Supplied records Start Marker
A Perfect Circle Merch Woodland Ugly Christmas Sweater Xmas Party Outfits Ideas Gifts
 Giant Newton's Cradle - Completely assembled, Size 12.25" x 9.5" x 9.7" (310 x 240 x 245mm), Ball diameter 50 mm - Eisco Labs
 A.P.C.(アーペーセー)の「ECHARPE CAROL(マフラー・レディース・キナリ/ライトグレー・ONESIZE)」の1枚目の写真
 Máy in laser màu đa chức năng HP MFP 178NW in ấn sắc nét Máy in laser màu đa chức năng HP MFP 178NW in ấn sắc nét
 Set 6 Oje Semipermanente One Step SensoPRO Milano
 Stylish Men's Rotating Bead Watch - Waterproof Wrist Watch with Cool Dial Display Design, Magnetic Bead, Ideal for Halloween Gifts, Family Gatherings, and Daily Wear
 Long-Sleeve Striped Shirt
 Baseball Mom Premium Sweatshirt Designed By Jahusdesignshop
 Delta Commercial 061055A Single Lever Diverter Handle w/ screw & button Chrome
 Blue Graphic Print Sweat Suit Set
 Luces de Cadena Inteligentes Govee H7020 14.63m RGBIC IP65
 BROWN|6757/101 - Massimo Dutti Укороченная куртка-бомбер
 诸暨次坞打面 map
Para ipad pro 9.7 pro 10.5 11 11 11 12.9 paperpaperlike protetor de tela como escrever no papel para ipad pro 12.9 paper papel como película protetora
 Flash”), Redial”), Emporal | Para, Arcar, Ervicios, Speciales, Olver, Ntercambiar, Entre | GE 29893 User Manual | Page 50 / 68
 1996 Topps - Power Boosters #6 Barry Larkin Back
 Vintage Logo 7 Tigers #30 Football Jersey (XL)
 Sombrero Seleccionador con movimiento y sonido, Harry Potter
Supplied records End Marker
▶ _Task statement_: Taking the line that contains "Page 50 / 68" as the first, reproduce every line through the end of the entries exactly.

▶ _Task response_:
 Flash”), Redial”), Emporal | Para, Arcar, Ervicios, Speciales, Olver, Ntercambiar, Entre | GE 29893 User Manual | Page 50 / 68
 1996 Topps - Power Boosters #6 Barry Larkin Back
 Vintage Logo 7 Tigers #30 Football Jersey (XL)
 Sombrero Seleccionador con movimiento y sonido, Harry Potter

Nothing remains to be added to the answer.